Katholieke Stichting Medische Ethiek
26 september 2012

NVVE start discussie over opheffing toetsing euthanasie

Persbericht NVVE, 26 september 2012

Dit artikel verwoordt niet het standpunt van de SME. Het wordt op deze website weergegeven om een goed beeld van de actuele discussie te schetsen.

Vandaag is het jaarverslag van de regionale toetsingscommissie euthanasie over 2011 gepubliceerd. Dit jaarverslag laat zien dat euthanasie uiterst zorgvuldig wordt toegepast: slechts vier gevallen zijn als medisch onzorgvuldig beoordeeld, 1 promille van het totaal aantal meldingen.

In de afgelopen tien jaar, sinds de invoering van de euthanasiewet in 2002, is het aantal onzorgvuldige uitvoeringen altijd te verwaarlozen geweest. De gevallen die als onzorgvuldig worden beoordeeld worden doorgestuurd naar het College van procureurs-generaal en de Inspectie voor de Gezondheidszorg. Zolang de wet bestaat, is echter geen enkele arts vervolgd. Artsen zijn zeer zorgvuldig in het uitvoeren van euthanasie. Zij denken er als professional goed over na. De NVVE, Nederlandse Vereniging voor een Vrijwillig Levenseinde, vraagt zich af of het na 10 jaar euthanasiewet niet tijd wordt om de toetsing af te schaffen.

De toename van euthanasie bij dementie (49 gevallen in 2011 ten opzichte van 25 het jaar ervoor) en euthanasie bij psychiatrische ziekten (13 ten opzichte van 2 in 2010) is opvallend. Speciaal voor euthanasie bij psychiatrie heeft de NVVE in 2011 een Steungroep Psychiatrie in het leven geroepen. De steungroep biedt collegiale ondersteuning aan psychiaters en huisartsen die geconfronteerd worden met een vraag om hulp bij zelfdoding door een psychiatrisch patiënt. De steungroep is bij diverse casussen uit 2011 betrokken geweest. Deze casussen zijn als zorgvuldig beoordeeld. De NVVE vermoedt dat de kennis van artsen en psychiaters over de reikwijdte van de euthanasiewet , steeds groter wordt. Ook patiënten praten meer over hun wensen aan het einde van het leven met hun arts en naasten.

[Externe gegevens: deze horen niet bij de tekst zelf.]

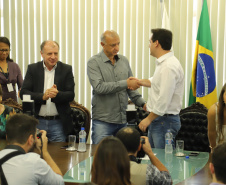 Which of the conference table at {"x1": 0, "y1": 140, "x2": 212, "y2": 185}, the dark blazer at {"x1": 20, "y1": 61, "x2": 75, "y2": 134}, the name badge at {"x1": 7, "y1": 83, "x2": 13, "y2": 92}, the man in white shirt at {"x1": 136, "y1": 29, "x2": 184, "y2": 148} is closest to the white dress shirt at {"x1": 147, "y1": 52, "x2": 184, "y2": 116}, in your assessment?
the man in white shirt at {"x1": 136, "y1": 29, "x2": 184, "y2": 148}

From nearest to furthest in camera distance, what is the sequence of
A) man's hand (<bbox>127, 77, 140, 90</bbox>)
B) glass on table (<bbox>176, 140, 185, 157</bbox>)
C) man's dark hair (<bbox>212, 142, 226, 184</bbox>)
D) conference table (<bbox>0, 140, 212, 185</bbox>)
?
man's dark hair (<bbox>212, 142, 226, 184</bbox>), conference table (<bbox>0, 140, 212, 185</bbox>), glass on table (<bbox>176, 140, 185, 157</bbox>), man's hand (<bbox>127, 77, 140, 90</bbox>)

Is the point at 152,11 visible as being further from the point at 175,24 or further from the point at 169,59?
the point at 169,59

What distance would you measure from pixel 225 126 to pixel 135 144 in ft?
4.21

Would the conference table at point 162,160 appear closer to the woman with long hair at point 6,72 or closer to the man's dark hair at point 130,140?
the man's dark hair at point 130,140

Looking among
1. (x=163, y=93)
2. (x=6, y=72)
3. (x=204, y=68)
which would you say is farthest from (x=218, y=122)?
(x=6, y=72)

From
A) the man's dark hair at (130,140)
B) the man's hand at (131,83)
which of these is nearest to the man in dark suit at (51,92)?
the man's hand at (131,83)

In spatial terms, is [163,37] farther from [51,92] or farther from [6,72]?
[6,72]

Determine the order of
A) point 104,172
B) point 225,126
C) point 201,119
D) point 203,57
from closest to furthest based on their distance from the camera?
1. point 104,172
2. point 225,126
3. point 201,119
4. point 203,57

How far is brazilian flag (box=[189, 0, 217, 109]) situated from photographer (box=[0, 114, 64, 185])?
3.24 m

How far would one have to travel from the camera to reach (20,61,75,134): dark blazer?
4.02m

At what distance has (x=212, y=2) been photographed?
5344mm

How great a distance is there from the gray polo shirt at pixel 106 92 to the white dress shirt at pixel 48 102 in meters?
0.42

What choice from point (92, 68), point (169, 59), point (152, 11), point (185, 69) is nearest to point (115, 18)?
point (152, 11)

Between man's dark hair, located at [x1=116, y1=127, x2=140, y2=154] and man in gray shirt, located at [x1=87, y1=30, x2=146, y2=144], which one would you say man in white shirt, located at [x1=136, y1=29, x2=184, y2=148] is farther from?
man's dark hair, located at [x1=116, y1=127, x2=140, y2=154] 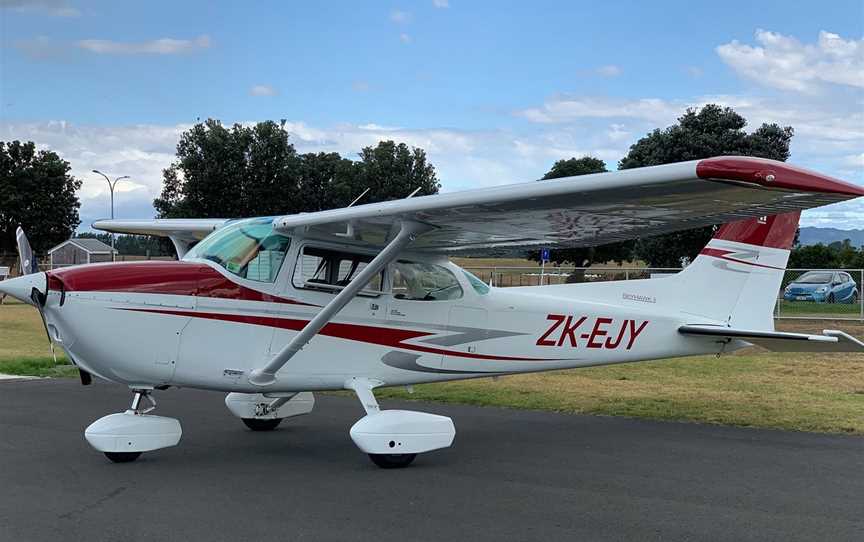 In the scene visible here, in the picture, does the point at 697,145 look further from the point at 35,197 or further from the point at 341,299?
the point at 35,197

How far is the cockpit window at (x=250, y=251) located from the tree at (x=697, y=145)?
2720cm

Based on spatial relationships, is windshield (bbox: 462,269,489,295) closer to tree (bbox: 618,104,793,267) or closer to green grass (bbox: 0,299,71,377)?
green grass (bbox: 0,299,71,377)

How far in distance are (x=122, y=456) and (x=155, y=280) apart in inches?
58.5

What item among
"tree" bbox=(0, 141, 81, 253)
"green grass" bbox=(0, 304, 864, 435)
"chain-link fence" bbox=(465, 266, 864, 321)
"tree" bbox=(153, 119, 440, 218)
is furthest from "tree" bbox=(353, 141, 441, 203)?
"green grass" bbox=(0, 304, 864, 435)

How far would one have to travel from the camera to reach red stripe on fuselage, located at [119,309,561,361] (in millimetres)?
7090

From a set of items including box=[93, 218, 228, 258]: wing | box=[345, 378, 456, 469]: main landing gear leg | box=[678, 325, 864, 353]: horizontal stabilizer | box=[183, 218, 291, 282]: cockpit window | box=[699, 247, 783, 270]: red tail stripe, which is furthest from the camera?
box=[93, 218, 228, 258]: wing

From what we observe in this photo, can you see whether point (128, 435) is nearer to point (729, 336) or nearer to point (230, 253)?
point (230, 253)

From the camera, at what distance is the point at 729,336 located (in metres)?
9.31

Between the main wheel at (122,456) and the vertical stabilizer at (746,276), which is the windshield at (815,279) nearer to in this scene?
the vertical stabilizer at (746,276)

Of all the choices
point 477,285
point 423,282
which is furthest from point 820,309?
point 423,282

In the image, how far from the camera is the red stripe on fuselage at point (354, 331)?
7.09m

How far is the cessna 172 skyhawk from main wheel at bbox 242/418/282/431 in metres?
0.03

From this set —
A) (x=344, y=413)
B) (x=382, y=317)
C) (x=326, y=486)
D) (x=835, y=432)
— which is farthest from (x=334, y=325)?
(x=835, y=432)

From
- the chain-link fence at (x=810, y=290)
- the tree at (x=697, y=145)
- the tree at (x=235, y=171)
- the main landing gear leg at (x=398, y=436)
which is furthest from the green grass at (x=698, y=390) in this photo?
the tree at (x=235, y=171) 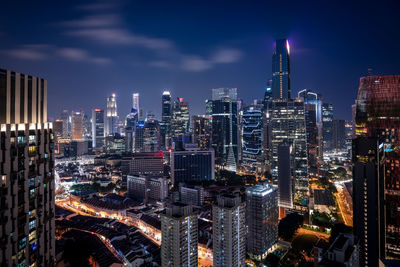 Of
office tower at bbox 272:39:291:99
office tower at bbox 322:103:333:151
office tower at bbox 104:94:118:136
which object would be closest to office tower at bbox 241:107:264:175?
A: office tower at bbox 272:39:291:99

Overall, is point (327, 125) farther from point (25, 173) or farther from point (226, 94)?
point (25, 173)

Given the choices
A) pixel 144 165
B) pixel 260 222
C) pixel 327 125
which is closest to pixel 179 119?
pixel 144 165

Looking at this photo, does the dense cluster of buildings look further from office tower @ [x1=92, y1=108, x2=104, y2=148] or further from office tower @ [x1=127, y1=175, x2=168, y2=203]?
office tower @ [x1=92, y1=108, x2=104, y2=148]

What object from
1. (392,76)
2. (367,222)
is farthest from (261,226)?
(392,76)

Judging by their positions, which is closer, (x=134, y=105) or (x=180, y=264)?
(x=180, y=264)

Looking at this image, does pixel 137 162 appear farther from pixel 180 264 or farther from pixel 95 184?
pixel 180 264

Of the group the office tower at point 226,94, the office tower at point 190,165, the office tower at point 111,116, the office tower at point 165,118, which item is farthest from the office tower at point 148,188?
the office tower at point 111,116

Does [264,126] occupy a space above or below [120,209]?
above

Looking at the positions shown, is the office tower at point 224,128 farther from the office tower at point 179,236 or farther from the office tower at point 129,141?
the office tower at point 179,236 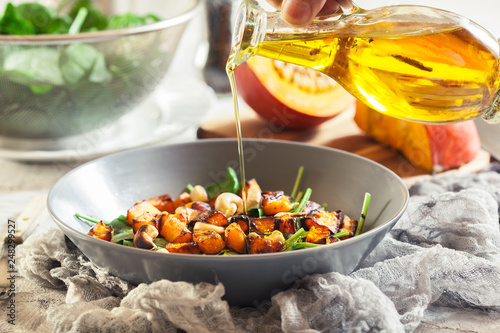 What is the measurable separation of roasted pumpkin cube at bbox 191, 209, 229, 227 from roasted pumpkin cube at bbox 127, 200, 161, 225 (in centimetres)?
10

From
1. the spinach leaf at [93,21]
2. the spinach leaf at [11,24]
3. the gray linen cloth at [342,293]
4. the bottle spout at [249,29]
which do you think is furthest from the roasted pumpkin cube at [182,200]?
the spinach leaf at [93,21]

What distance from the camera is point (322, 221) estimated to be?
1.05m

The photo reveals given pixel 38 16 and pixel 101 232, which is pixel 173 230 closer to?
pixel 101 232

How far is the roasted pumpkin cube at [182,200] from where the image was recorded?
1.24 meters

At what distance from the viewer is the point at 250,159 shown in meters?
1.37

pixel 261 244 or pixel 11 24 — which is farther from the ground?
pixel 11 24

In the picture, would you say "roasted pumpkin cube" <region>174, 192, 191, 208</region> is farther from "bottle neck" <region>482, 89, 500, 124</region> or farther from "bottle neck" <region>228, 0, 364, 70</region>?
"bottle neck" <region>482, 89, 500, 124</region>

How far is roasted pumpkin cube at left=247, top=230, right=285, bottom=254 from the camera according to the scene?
94cm

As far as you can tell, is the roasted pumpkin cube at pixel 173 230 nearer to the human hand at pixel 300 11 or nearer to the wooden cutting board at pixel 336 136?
the human hand at pixel 300 11

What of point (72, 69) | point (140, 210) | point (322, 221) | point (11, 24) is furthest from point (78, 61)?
point (322, 221)

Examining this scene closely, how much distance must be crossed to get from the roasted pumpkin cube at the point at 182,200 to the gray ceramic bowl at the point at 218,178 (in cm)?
10

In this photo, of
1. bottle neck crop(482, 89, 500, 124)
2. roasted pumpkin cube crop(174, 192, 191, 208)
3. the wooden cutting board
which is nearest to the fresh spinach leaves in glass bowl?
the wooden cutting board

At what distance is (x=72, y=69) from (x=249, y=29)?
31.1 inches

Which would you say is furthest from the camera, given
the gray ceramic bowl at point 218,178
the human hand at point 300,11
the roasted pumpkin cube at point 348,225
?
the roasted pumpkin cube at point 348,225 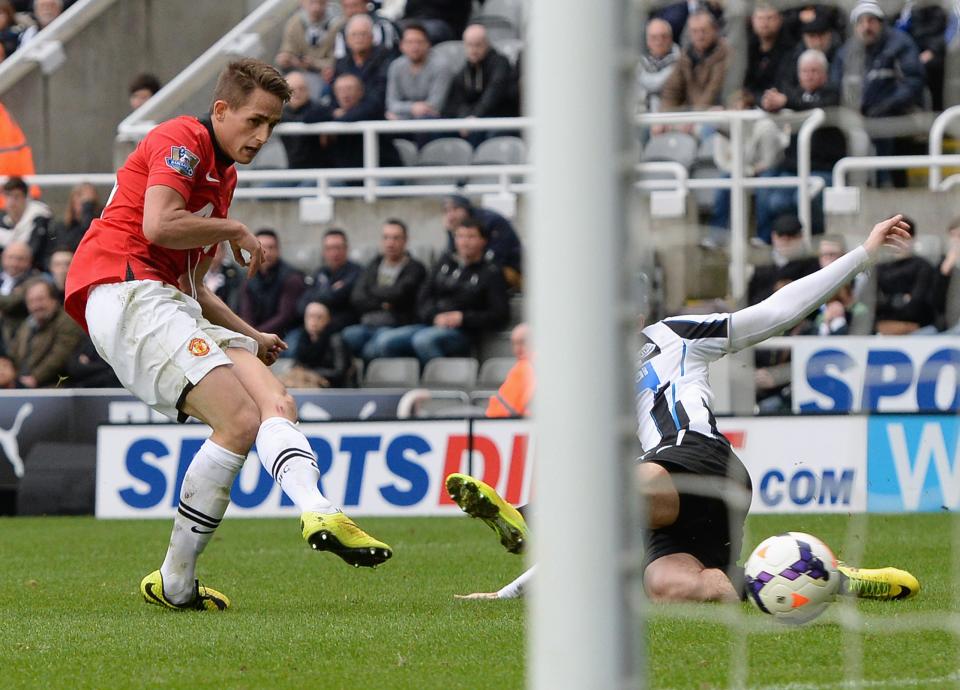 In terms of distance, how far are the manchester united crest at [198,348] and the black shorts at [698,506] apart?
168 cm

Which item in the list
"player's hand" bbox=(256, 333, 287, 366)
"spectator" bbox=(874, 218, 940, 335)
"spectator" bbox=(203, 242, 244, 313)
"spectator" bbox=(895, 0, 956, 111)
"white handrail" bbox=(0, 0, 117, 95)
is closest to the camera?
"player's hand" bbox=(256, 333, 287, 366)

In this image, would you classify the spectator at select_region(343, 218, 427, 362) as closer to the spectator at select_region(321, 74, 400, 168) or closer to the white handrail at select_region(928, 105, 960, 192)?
the spectator at select_region(321, 74, 400, 168)

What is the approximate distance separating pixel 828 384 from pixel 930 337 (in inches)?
31.5

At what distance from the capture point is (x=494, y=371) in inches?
508

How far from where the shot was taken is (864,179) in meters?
11.6

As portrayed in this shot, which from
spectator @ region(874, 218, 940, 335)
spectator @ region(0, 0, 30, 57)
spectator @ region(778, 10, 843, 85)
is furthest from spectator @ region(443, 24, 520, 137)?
spectator @ region(0, 0, 30, 57)

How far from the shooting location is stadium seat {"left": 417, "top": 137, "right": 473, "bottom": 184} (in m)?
14.3

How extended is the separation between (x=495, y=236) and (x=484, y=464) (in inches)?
85.1

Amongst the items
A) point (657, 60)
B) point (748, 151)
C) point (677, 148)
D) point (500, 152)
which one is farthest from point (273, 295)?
point (657, 60)

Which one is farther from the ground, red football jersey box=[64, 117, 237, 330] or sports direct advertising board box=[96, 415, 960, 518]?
red football jersey box=[64, 117, 237, 330]

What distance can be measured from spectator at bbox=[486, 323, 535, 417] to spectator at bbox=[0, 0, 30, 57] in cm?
807

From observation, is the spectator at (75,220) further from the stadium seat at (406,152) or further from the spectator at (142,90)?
the stadium seat at (406,152)

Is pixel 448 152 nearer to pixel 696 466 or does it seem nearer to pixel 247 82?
pixel 247 82

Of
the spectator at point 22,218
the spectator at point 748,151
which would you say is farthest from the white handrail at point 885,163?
the spectator at point 22,218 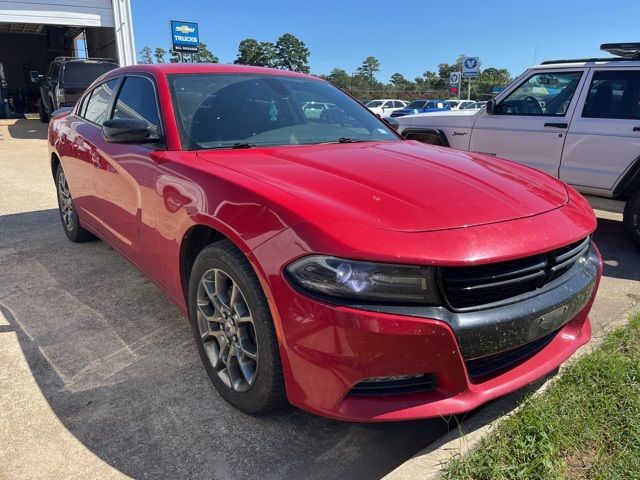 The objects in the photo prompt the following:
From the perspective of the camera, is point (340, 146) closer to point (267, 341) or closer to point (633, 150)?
point (267, 341)

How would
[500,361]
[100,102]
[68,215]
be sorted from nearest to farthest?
[500,361]
[100,102]
[68,215]

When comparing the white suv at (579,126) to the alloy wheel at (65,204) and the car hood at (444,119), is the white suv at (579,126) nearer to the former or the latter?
the car hood at (444,119)

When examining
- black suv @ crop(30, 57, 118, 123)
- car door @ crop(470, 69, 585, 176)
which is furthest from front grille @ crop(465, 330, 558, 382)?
black suv @ crop(30, 57, 118, 123)

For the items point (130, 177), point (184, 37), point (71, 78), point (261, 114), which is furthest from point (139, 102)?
point (184, 37)

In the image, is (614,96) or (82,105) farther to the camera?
(614,96)

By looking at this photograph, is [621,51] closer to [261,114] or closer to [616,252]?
[616,252]

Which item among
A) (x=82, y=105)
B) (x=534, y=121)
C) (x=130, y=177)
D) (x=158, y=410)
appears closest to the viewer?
(x=158, y=410)

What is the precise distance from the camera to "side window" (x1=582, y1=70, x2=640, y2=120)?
501 centimetres

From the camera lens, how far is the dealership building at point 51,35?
16.3m

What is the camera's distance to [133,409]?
8.13ft

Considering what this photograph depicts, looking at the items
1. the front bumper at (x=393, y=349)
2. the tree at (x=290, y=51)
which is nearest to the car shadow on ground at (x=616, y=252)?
the front bumper at (x=393, y=349)

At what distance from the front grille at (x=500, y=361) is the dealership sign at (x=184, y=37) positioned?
2147cm

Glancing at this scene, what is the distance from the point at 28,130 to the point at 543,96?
55.9ft

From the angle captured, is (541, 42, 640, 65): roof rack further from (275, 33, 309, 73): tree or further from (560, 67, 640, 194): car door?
(275, 33, 309, 73): tree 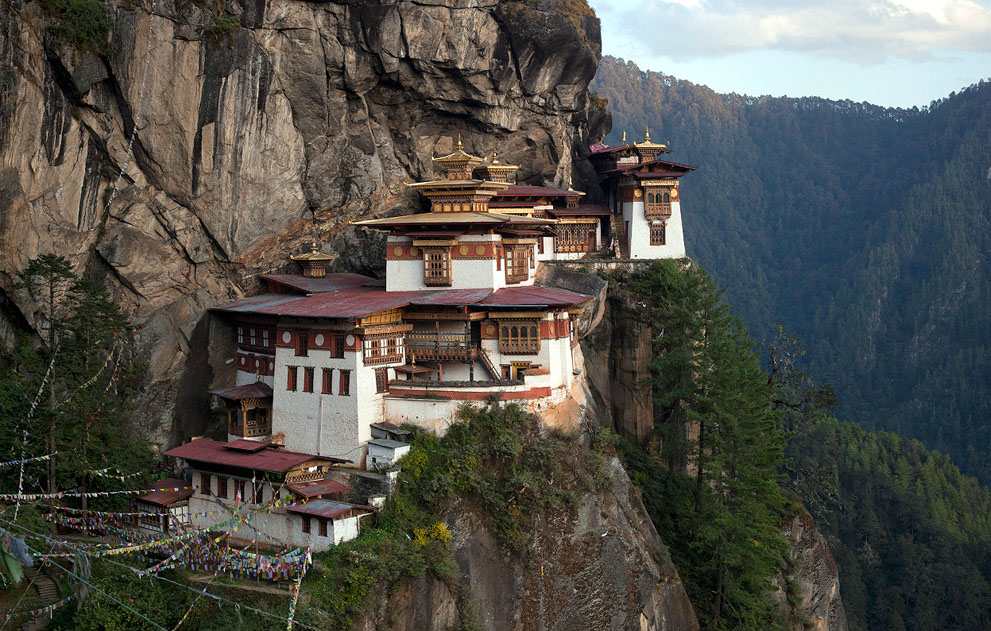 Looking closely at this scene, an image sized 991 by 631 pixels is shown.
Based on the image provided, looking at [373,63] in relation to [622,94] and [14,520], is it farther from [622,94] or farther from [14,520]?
[622,94]

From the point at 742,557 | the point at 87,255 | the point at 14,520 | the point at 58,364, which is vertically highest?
the point at 87,255

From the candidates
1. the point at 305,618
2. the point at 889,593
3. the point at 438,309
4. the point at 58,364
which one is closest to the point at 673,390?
the point at 438,309

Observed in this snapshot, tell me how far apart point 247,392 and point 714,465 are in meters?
16.8

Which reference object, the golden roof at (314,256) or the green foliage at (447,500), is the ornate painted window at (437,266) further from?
the green foliage at (447,500)

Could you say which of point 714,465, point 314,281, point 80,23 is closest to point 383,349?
point 314,281

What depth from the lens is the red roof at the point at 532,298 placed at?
35594 mm

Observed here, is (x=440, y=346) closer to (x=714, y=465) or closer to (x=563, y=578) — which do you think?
(x=563, y=578)

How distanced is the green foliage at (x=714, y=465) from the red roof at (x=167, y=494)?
17.3 meters

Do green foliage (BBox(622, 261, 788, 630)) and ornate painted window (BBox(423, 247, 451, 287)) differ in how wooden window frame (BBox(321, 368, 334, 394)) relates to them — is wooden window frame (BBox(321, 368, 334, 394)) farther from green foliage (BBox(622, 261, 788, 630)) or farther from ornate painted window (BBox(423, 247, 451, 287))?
green foliage (BBox(622, 261, 788, 630))

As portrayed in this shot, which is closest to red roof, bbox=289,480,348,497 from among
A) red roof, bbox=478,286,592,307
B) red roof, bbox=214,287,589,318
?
red roof, bbox=214,287,589,318

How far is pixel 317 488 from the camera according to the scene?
31.9 meters

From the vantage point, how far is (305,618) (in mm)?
27641

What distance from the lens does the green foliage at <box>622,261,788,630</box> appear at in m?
37.4

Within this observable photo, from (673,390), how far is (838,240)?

Bij herhaling onderstrepen de toetsingscommissies dat een schriftelijke wilsverklaring een mondeling euthanasieverzoek kan vervangen. Hoewel de schriftelijk wilsverklaring niet verplicht is, benadrukken de toetsingscommissies dat deze belangrijke aanknopingspunten biedt voor de arts. Hij gebruikt deze om overtuigd te raken van de vrijwilligheid en weloverwogenheid van het euthanasieverzoek en de ondraaglijkheid van het lijden van de patiënt. Zeker als deze zijn wil niet meer kan uiten. Evenals in 2010 is een casus van een patiënt die wilsonbekwaam was geworden, als zorgvuldig beoordeeld.